*Problem:*
After finding the line with "Borla BOR Cat Back S-Type" in the entries below, retype exactly each line from there through the line with "Aldo Coronitiflex High", including that final line.

*Source material:*
= Beginning of Section =

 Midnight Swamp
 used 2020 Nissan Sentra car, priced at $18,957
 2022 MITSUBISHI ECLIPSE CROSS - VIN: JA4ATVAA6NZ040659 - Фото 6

= End of Section =
= Beginning of Section =

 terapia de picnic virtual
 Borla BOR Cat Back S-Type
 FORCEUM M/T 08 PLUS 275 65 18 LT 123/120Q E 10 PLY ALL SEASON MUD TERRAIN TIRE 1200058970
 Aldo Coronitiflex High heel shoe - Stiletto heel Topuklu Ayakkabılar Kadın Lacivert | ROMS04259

= End of Section =

*Output of the exercise:*
 Borla BOR Cat Back S-Type
 FORCEUM M/T 08 PLUS 275 65 18 LT 123/120Q E 10 PLY ALL SEASON MUD TERRAIN TIRE 1200058970
 Aldo Coronitiflex High heel shoe - Stiletto heel Topuklu Ayakkabılar Kadın Lacivert | ROMS04259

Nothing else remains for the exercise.